**Data extract:**

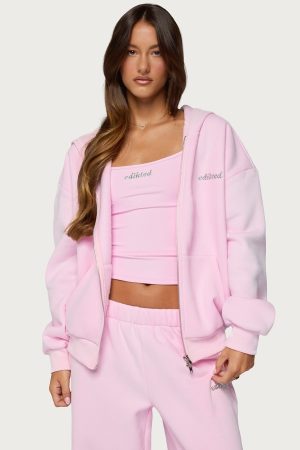 Edikted Diva Zip Up Hoodie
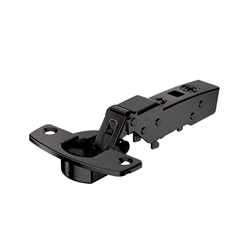 Hettich Sensys 110°-Scharnier mit integrierter Dämpfung (Sensys 8645i), in obsidianschwarz, halb vorliegend, Öffnungswinkel 110°, Bohrbild TH 52x5,5mm, zum Anschrauben (-) 9091739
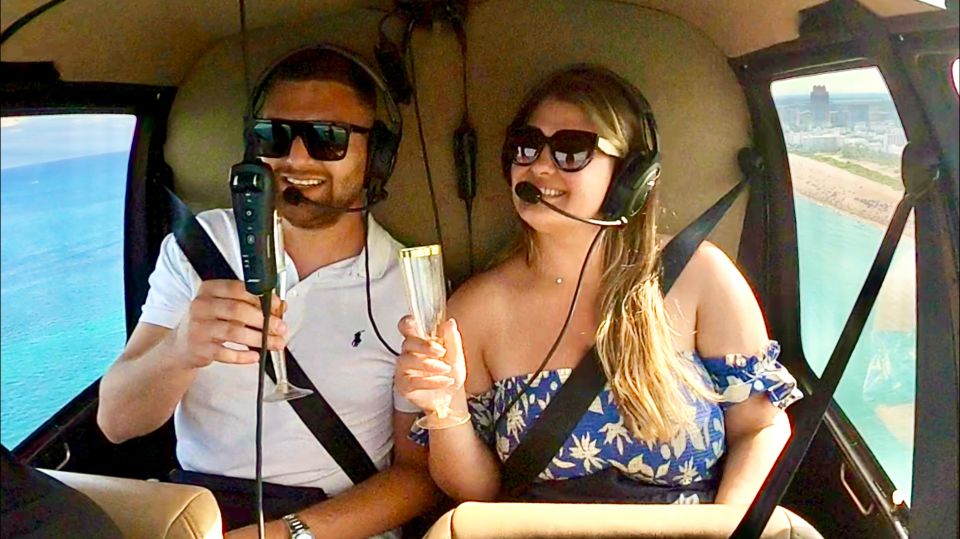 Miami: Private Romantic Helicopter Tour With Champagne - Location & Meeting Point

**Your objective:** Repeat the listing exactly, pictures excluded.

**Solution to this exercise:**
 Edikted Diva Zip Up Hoodie
 Hettich Sensys 110°-Scharnier mit integrierter Dämpfung (Sensys 8645i), in obsidianschwarz, halb vorliegend, Öffnungswinkel 110°, Bohrbild TH 52x5,5mm, zum Anschrauben (-) 9091739
 Miami: Private Romantic Helicopter Tour With Champagne - Location & Meeting Point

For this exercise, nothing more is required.